Born in 1956, Heath’s leadership coincided with May’s political awakening – she was 19 in 1975 when he was replaced by Thatcher. That transition of course, planted the notion that a female could get to the top in the mind of the ambitious Theresa Brasier. But May is no true Thatcherite. When she permits herself, she sometimes displays the same corporatist sympathies as Heath – even once wistfully talking about worker directors on the boards of big companies; and she is unusually insistent, for a post-Thatcher Tory, on strengthening workers’ rights and spending more on the NHS.

Like Heath, May is prone to U-turns, trusts no-one beyond a tiny circle, and favours a bunker mentality in No 10. Above all, again like Heath, she is shy and finds mixing with the public and her backbenchers distasteful. She can fall silent in conversation for an uncomfortable length. She is visibly ill at ease with the voters, in stark contrast to Corbyn, Blair, Farage or even Cameron. She is more akin to Gordon Brown, also the child of a clergyman, who shared her dedication to public service and sense of duty, but suffered also from mild paranoia and morbid terror of a walkabout or a TV studio.
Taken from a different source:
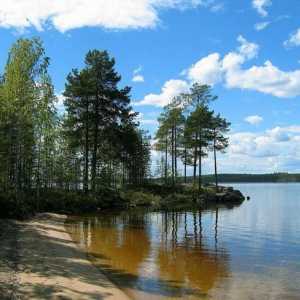 Природа Ленинградской области. Особенности природы Ленинградской области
Really, May comes across as being much more of an administrator, a civil servant manqué, than a classical politician. There is a reason why the first job she took after university was as a Bank of England graduate trainee – a civil servant in all but name and at a place where the “common touch” is no great advantage.

Theresa May and Donald Trump are said not to have hit things off
Theresa May and Donald Trump are said not to have hit things off (Reuters)

The prime minister’s curious shortcomings at being an actual politician – after all, she spent a good deal of time at the grubby end of the game in local government – let her down badly in the 2017 election, and again after the Grenfell disaster, and continue to do so on TV. (One recent appearance was said to be like a hostage video). She can be dignified and sensitive, as she has shown after terror attacks, but more often she seems to lack a certain instinct about the right thing to do for the “optics”.

Perhaps some of this is down to simple shyness, which is why the prime minister sometimes looks so lonesome at EU summits, and why she never really hit it off with Donald Trump (he thinks she talks to him the way a schoolmistress would address a dim pupil). She is said to get on best with the similarly unfussy Shinzo Abe, prime minister of Japan.

In any event, it is these tragic flaws in her make-up – the nervousness, brittleness, shyness – that explain why she lost her snap election, and why her premiership has subsequently been such a disaster. Even without Brexit she’d have been a flop; Brexit just adds to the scale of the failure – although, ironically, it has also artificially extended her tenure in Downing Street.

Theresa May’s abiding legacy will turn out to be blue British passports, printed in France. Let me be absolutely clear about that.